So can a propositional, in this sense, belief be put into words? This is reminiscent of the Kant's conundrum. On the one hand, a priori propositions can be justified a priori. On the other, concepts in them can only be acquired through experience. In this case, we have description in place of justification, but, to quote SEP again:

"Physical concepts and phenomenal concepts are cognitively independent: it is impossible to see a priori that something that falls under a physical concept of a particular phenomenal character also falls under the corresponding phenomenal concept of that phenomenal character".

It sounds very much like one, at least, can not apply the relevant concepts based on linguistic description alone. In a way, the "linguistic" side of belief ("physical concepts") is not the whole of belief.

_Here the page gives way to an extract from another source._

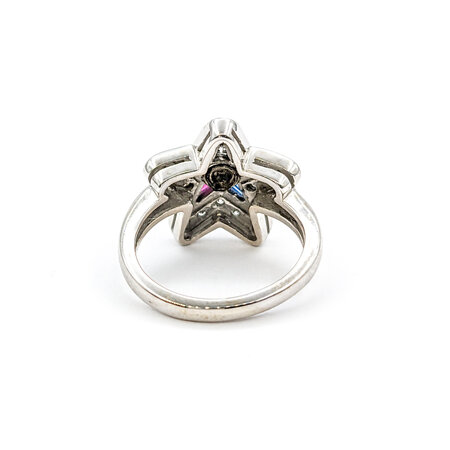 Ring Vintage Mid-Century Eastern Star .25ctw Round Diamonds Multi-Tappered Gemstones 14kw sz5.5 124060764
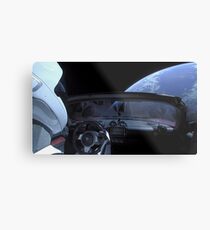 Spacex DON'T PANIC Starman Metal Print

Another reference is Stanley and Williamson's Knowing How. Stanley and Williamson are the leading current champions of intellectualism, i.e. to them knowledge-how is a species of knowledge-that. The linked paper is a long defense of this thesis. However, this may not matter that much because of what Alter calls "the propositional knowledge claim: phenomenal knowledge is at least in part propositional". This is what they have to say (p.427):

"According to the first theory, the contemporary Russellian theory, propositions are ordered sequences of properties and objects. According to the second theory, the Fregean theory, propositions contain modes of presentations of properties and objects, rather than the properties and objects themselves. Finally, according to the third standard theory, verbs such as 'believes' and 'knows' express three-place relations between persons, Russellian propositions, and ways of thinking of Russellian propositions.

Our view can be stated in any of these three frameworks. For clarity's sake, however, we shall take propositions to be Russellian, as in the first and third of these theories. The propositions that concern us [those of knowledge-how] will contain ways of engaging in actions. To be more precise, we shall take ways to be properties of token events."

This sounds more puttable into words wholesale. But Stanley and Williamson go on to distinguish between the "demonstrative mode of presentation" and the "practical mode of presentation" (of a way of riding a bicycle), with the latter involving "possession of certain complex dispositions". And "it is simply a feature of certain kinds of propositional knowledge that possession of it is related in complex ways to dispositional states". Since they themselves draw a parallel between that and "first-person mode of presentation", again it sounds a lot like the "demonstrative mode" alone, which is the verbalizable part, presumably, does not suffice.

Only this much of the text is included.